* **Data provided**
^^^^^^^^^^^^^^^^

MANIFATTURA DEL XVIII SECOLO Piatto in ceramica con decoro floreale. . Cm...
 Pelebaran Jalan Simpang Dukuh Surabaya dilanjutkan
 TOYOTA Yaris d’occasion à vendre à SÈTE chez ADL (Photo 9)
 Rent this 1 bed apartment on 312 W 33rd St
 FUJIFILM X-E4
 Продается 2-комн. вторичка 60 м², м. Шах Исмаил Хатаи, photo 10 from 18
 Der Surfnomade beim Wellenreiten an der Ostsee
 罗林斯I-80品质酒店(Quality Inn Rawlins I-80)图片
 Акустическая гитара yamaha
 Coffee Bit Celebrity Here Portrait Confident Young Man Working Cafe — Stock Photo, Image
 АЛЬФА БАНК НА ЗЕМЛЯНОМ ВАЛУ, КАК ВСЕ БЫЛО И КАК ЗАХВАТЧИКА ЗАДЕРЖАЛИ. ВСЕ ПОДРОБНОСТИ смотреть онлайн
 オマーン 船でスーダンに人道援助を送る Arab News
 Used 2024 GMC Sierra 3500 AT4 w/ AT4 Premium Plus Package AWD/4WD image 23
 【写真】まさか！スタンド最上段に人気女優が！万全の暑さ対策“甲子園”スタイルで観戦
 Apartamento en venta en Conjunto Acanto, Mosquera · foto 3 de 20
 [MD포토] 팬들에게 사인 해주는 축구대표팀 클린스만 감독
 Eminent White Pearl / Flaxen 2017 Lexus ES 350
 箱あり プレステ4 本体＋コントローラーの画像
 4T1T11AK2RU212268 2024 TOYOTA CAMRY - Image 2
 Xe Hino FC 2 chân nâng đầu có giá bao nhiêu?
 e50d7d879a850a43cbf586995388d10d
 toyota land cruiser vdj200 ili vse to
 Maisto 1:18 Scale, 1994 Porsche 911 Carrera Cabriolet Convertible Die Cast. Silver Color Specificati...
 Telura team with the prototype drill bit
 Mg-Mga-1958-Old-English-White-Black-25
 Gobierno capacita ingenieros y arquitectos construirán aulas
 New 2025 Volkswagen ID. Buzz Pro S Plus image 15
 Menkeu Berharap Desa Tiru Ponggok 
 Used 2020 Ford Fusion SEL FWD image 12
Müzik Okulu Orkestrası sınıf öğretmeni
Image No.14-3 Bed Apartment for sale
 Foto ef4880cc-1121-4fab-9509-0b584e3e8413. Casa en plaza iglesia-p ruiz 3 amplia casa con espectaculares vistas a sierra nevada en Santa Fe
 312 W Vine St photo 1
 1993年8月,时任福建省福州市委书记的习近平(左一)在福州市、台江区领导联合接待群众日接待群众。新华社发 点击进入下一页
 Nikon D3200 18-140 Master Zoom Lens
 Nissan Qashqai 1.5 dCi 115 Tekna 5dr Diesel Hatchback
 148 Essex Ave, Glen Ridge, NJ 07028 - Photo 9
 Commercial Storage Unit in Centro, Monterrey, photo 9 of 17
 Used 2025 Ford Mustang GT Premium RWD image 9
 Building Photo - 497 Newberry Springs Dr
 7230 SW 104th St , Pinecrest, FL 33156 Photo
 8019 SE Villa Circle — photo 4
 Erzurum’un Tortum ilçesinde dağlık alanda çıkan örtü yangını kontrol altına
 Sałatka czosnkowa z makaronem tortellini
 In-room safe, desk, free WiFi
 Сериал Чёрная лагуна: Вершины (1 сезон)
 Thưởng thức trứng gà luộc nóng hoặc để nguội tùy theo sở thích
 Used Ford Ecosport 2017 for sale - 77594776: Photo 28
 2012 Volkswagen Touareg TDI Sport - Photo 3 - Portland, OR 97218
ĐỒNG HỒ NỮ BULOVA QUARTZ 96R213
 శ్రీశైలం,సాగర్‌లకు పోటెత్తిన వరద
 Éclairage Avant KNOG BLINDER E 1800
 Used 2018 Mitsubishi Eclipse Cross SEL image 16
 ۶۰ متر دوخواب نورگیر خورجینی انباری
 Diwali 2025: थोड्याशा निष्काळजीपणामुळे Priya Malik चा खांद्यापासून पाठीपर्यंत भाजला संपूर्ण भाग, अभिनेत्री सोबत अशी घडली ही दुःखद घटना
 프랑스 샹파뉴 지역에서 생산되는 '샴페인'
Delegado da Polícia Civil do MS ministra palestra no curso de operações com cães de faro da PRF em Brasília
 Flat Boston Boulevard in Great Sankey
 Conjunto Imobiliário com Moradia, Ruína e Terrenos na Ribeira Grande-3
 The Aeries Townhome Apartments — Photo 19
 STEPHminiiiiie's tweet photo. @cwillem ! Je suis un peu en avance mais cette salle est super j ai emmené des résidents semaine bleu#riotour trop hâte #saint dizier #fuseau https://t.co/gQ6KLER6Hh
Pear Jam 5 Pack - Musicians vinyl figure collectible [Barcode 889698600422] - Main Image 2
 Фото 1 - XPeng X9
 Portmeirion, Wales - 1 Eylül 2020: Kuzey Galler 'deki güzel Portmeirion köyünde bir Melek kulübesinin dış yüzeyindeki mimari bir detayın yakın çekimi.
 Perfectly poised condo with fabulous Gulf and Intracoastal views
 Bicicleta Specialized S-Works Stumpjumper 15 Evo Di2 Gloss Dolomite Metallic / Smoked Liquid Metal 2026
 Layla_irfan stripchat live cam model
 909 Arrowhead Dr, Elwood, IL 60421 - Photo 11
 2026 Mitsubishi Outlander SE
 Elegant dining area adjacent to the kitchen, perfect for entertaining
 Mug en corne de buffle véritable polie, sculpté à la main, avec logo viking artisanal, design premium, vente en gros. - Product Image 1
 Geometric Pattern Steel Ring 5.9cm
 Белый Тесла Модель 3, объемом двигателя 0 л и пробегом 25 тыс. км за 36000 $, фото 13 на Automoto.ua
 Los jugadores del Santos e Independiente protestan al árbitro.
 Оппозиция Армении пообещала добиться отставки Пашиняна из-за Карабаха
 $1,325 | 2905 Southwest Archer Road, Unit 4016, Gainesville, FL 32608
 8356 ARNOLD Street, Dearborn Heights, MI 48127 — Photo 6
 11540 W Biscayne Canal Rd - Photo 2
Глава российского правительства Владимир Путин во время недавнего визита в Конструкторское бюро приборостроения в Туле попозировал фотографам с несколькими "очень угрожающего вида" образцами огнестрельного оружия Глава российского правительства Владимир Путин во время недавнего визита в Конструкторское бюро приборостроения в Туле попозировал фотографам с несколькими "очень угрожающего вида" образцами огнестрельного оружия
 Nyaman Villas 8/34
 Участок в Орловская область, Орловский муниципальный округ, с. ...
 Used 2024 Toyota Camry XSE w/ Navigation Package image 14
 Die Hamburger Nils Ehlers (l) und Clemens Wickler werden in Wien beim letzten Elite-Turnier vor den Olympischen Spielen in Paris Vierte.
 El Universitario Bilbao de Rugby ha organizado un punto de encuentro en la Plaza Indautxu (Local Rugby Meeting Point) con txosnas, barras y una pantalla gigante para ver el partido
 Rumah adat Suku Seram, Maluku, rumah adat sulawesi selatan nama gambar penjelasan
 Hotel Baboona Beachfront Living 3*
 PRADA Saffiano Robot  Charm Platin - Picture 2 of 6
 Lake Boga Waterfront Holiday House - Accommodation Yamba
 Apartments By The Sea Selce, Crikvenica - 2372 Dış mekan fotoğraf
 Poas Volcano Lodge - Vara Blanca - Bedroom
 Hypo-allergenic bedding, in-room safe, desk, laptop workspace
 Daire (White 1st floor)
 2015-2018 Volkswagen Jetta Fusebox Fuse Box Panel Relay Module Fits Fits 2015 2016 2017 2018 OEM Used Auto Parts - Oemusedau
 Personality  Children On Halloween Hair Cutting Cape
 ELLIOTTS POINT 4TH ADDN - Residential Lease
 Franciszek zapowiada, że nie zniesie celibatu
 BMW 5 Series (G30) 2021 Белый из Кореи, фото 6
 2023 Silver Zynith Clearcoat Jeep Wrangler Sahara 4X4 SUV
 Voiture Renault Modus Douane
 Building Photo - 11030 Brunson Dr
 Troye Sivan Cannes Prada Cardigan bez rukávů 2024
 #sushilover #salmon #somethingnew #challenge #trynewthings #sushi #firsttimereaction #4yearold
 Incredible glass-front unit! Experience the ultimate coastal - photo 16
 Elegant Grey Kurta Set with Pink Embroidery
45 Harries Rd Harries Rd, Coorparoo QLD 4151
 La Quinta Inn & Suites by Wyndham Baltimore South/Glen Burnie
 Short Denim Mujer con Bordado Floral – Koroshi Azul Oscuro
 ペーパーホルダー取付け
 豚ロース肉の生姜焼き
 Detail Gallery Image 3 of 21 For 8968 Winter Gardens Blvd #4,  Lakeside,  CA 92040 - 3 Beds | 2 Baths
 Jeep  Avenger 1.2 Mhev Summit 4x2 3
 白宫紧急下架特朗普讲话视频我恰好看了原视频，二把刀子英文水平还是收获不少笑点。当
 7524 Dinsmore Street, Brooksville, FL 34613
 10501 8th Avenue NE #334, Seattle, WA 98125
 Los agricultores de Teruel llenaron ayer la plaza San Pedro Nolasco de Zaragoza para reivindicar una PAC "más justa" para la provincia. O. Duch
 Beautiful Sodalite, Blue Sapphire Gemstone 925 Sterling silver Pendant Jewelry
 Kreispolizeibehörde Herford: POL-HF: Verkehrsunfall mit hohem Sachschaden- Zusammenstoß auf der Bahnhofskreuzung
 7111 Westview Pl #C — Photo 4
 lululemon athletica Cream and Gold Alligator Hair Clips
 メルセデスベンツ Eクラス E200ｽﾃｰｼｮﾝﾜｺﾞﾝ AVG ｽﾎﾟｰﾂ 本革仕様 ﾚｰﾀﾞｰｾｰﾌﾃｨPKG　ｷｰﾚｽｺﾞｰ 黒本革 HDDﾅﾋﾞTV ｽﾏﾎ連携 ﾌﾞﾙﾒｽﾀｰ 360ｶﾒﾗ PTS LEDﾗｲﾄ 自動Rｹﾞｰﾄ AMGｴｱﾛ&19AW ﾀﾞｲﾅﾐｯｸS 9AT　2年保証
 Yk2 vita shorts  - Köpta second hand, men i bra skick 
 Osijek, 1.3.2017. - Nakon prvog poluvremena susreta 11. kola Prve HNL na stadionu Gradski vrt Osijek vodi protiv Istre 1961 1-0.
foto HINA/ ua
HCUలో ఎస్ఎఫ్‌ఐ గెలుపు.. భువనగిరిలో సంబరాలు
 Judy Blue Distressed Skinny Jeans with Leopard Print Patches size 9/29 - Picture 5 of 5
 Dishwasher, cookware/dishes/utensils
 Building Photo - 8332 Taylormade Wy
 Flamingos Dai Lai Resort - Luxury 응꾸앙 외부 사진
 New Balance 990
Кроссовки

^^^^^^^^^^^^^^^^

* **Your goal**
From the line holding "Pelebaran Jalan Simpang" to the line holding "Apartamento en venta", inclusive, restate each line above exactly as written.

* **Result for this task**
 Pelebaran Jalan Simpang Dukuh Surabaya dilanjutkan
 TOYOTA Yaris d’occasion à vendre à SÈTE chez ADL (Photo 9)
 Rent this 1 bed apartment on 312 W 33rd St
 FUJIFILM X-E4
 Продается 2-комн. вторичка 60 м², м. Шах Исмаил Хатаи, photo 10 from 18
 Der Surfnomade beim Wellenreiten an der Ostsee
 罗林斯I-80品质酒店(Quality Inn Rawlins I-80)图片
 Акустическая гитара yamaha
 Coffee Bit Celebrity Here Portrait Confident Young Man Working Cafe — Stock Photo, Image
 АЛЬФА БАНК НА ЗЕМЛЯНОМ ВАЛУ, КАК ВСЕ БЫЛО И КАК ЗАХВАТЧИКА ЗАДЕРЖАЛИ. ВСЕ ПОДРОБНОСТИ смотреть онлайн
 オマーン 船でスーダンに人道援助を送る Arab News
 Used 2024 GMC Sierra 3500 AT4 w/ AT4 Premium Plus Package AWD/4WD image 23
 【写真】まさか！スタンド最上段に人気女優が！万全の暑さ対策“甲子園”スタイルで観戦
 Apartamento en venta en Conjunto Acanto, Mosquera · foto 3 de 20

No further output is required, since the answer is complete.